Latest News

Treating obesity: Will new drugs end the crisis?


 

Shifting from prevention to damage control

Less invasive and more scalable than surgery (only 1% of the eligible population gets bariatric surgery), the drugs offer doctors a safe, effective way to treat many patients with obesity. That’s cause for excitement, but concerns remain because they are expensive, costing about $800 to $1,300 per month out of pocket. Many health insurers, including Medicare, do not cover them for weight loss.

“You have this significant advance in obesity treatment, but very few will be able to access it,” said Gary Foster, PhD, adjunct professor of psychology in psychiatry at the University of Pennsylvania, Philadelphia, and chief scientific officer at WW (formerly Weight Watchers).

There is a push, including a proposed bill, to get Medicare to cover obesity medication. But given the expense of the drugs, the health economics do not support that move, according to an editorial in the New England Journal of Medicine. If Medicare were to cover obesity meds, the budget impact would likely be huge, potentially driving up premiums. If other payers followed suit, the impact could be felt across the U.S. health care system.

Other drawbacks include side effects – including nausea, diarrhea, stomach pain, and vomiting – that can be so bad that some patients can’t tolerate them.

And critically, the drugs do not deal with the root cause of the problem, said Robert Lustig, MD, an endocrinologist and pediatrician at the University of California, San Francisco, who has suggested that excess insulin is driving obesity. “No one has the disease that these drugs are treating. No one has GLP-1 deficiency. They’re bypassing the problem. They’re band-aiding the problem.”

Because the drugs work by mimicking starvation – they appear to curb hunger, so you eat less – people on them lose not just fat but also healthy lean mass, Dr. Lustig said.

Concerns about pancreatitis did not really bear out in postmarketing reports. (The drugs are still not recommended in people with pancreatitis or multiple endocrine neoplasia.) But predicting longer-term outcomes can be difficult, noted Dr. Lustig.

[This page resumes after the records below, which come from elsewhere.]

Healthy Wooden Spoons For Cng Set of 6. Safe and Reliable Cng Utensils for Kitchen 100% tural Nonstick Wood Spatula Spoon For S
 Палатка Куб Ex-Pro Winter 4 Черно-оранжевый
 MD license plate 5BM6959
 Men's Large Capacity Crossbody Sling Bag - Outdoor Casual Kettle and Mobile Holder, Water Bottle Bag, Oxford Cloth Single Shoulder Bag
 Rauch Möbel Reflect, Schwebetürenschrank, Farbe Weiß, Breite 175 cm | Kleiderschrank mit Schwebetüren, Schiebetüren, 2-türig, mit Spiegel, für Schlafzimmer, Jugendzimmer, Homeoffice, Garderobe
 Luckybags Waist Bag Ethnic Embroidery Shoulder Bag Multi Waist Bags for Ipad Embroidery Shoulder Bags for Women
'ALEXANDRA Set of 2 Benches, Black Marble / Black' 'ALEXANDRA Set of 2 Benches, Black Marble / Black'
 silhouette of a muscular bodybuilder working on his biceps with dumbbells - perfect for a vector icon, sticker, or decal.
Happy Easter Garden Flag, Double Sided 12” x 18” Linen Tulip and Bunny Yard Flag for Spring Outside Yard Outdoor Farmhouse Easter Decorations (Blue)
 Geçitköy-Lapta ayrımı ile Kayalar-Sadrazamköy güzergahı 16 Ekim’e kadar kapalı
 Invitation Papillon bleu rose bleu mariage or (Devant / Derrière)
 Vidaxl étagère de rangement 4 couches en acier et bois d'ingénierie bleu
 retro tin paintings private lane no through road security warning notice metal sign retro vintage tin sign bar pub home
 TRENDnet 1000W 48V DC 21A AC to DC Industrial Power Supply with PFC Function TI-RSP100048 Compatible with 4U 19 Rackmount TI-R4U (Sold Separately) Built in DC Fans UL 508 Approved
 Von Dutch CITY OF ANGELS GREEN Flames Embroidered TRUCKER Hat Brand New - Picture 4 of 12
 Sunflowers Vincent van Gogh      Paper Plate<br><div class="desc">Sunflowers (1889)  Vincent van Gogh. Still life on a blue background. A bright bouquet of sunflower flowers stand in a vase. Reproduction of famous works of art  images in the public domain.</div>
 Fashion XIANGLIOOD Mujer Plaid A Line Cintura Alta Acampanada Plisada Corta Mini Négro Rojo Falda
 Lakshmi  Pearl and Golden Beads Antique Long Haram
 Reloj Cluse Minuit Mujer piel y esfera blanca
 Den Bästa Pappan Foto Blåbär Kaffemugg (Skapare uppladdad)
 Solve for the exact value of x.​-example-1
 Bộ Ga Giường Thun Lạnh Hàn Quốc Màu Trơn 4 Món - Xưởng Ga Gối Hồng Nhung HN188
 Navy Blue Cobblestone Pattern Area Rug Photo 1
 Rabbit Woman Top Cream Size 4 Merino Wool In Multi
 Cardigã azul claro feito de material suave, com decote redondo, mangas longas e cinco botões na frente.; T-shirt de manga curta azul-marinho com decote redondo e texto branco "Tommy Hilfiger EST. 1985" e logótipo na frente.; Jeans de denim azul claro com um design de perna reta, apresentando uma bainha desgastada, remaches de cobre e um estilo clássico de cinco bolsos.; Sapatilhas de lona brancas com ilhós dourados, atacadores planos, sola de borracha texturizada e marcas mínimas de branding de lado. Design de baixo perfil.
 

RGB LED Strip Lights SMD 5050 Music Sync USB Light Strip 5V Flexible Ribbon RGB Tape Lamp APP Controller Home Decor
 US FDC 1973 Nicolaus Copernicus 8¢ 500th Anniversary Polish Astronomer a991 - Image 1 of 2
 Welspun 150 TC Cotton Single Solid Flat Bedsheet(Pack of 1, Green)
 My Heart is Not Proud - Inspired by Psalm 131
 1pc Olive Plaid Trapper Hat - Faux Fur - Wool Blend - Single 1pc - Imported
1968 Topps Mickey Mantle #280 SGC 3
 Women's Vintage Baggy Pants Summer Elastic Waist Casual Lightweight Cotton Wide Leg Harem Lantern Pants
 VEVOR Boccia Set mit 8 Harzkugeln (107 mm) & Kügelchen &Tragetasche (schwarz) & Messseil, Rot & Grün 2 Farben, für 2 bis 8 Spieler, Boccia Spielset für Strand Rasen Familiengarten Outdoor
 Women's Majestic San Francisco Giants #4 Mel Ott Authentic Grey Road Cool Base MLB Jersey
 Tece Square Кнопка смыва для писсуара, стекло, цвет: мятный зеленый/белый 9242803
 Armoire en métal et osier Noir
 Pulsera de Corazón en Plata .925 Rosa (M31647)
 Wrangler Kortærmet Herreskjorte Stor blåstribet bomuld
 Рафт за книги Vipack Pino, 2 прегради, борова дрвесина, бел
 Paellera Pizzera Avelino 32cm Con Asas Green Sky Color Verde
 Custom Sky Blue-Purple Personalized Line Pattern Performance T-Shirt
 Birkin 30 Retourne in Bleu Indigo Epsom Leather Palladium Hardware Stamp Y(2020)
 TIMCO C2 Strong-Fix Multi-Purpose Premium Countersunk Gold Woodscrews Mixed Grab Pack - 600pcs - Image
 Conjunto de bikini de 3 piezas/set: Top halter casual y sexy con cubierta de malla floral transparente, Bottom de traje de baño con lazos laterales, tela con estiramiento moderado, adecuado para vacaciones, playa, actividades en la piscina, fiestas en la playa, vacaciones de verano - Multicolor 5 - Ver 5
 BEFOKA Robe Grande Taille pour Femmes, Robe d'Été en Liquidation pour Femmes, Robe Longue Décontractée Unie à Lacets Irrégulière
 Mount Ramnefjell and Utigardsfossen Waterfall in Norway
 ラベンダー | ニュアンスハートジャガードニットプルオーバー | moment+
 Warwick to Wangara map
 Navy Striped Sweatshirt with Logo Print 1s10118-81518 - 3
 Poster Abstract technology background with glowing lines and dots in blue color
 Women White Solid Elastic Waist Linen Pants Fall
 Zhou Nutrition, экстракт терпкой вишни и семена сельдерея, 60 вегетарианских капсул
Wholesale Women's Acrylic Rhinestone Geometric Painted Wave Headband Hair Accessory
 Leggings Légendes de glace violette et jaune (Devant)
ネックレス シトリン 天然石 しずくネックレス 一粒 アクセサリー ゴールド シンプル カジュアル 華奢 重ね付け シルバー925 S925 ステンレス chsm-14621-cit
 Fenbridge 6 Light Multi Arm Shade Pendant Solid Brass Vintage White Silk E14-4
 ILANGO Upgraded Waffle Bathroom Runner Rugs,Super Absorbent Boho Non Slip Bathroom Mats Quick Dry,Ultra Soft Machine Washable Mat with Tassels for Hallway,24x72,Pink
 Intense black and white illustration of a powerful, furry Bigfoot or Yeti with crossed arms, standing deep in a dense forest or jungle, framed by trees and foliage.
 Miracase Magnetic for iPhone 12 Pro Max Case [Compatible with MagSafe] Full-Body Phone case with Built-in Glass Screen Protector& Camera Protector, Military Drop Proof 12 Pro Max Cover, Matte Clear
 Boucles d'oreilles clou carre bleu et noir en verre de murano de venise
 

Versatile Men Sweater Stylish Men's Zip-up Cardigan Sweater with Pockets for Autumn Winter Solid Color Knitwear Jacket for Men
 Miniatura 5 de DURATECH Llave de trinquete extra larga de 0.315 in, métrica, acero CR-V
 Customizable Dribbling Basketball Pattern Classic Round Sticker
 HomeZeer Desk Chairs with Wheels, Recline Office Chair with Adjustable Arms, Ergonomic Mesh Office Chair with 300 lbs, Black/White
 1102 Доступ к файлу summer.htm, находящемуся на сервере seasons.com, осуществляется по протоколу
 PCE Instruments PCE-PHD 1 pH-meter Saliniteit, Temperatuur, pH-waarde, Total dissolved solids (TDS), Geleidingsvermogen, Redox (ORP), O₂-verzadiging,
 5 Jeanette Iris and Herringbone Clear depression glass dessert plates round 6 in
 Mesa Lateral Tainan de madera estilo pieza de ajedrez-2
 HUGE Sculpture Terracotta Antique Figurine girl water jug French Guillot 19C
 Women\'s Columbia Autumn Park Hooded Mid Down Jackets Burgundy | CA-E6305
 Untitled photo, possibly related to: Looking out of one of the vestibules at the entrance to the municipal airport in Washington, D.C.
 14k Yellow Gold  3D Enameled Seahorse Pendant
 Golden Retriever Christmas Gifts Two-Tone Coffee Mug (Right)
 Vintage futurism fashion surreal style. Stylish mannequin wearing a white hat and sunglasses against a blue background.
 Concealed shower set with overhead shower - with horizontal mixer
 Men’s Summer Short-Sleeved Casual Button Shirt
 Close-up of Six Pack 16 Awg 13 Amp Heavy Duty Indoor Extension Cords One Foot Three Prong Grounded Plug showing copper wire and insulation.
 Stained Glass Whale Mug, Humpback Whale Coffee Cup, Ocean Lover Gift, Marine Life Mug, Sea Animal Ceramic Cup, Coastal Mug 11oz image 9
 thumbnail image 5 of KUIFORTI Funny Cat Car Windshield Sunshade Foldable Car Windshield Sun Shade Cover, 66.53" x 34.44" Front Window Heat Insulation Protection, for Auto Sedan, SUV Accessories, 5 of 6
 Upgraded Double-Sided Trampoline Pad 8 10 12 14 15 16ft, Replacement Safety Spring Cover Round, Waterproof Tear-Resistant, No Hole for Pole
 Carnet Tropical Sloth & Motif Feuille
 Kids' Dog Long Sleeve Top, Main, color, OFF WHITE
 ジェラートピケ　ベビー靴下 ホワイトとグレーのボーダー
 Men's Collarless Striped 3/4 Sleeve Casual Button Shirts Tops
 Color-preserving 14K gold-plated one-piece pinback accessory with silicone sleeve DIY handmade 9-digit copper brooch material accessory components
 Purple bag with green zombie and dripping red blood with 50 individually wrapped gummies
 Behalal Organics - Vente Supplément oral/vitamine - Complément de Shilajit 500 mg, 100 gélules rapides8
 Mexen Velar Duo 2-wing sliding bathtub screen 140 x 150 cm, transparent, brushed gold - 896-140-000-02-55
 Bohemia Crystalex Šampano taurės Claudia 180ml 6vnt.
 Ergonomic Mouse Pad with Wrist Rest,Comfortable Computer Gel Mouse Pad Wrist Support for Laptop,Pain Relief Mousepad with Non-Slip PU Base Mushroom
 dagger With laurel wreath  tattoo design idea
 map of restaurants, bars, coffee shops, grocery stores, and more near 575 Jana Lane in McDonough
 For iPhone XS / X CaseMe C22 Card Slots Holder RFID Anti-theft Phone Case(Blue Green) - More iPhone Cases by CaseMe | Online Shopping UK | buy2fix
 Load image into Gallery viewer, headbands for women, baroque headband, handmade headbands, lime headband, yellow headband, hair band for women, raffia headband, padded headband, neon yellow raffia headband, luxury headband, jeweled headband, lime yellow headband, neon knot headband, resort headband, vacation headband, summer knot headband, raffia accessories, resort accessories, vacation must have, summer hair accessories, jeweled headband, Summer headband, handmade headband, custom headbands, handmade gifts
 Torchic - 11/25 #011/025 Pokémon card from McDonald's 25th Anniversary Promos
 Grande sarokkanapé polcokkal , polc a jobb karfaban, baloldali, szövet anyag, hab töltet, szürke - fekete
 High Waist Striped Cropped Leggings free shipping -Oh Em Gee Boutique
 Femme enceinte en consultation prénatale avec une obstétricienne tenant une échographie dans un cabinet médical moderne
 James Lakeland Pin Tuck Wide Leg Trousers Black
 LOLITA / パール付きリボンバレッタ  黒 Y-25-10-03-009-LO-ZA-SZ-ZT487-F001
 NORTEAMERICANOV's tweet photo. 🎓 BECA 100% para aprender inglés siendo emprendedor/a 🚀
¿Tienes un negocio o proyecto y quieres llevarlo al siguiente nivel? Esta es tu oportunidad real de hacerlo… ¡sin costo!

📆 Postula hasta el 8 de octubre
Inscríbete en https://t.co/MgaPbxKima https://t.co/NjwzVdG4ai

Then there are philosophical questions, said James Hill, PhD, director of the Nutrition Obesity Research Center at the University of Alabama at Birmingham.. “If you’re continuing to not exercise and eat not healthy foods and take a medication, is that success? Have we won when people are at a lower weight but not doing a healthy behavior?”

‘We can’t treat our way out of this’

The fact is, ending the obesity epidemic is a tall order, even for drugs as impressive as these.

“We can’t treat our way out of this,” said Jamy Ard, MD, codirector of Wake Forest Baptist Health Weight Management Center in Winston-Salem, N.C. “The treatments we have now are great, and there will be more coming. But we do need to figure out the prevention side of things.”

Dr. Seeley agreed but added that we can’t diet-and-exercise our way out either.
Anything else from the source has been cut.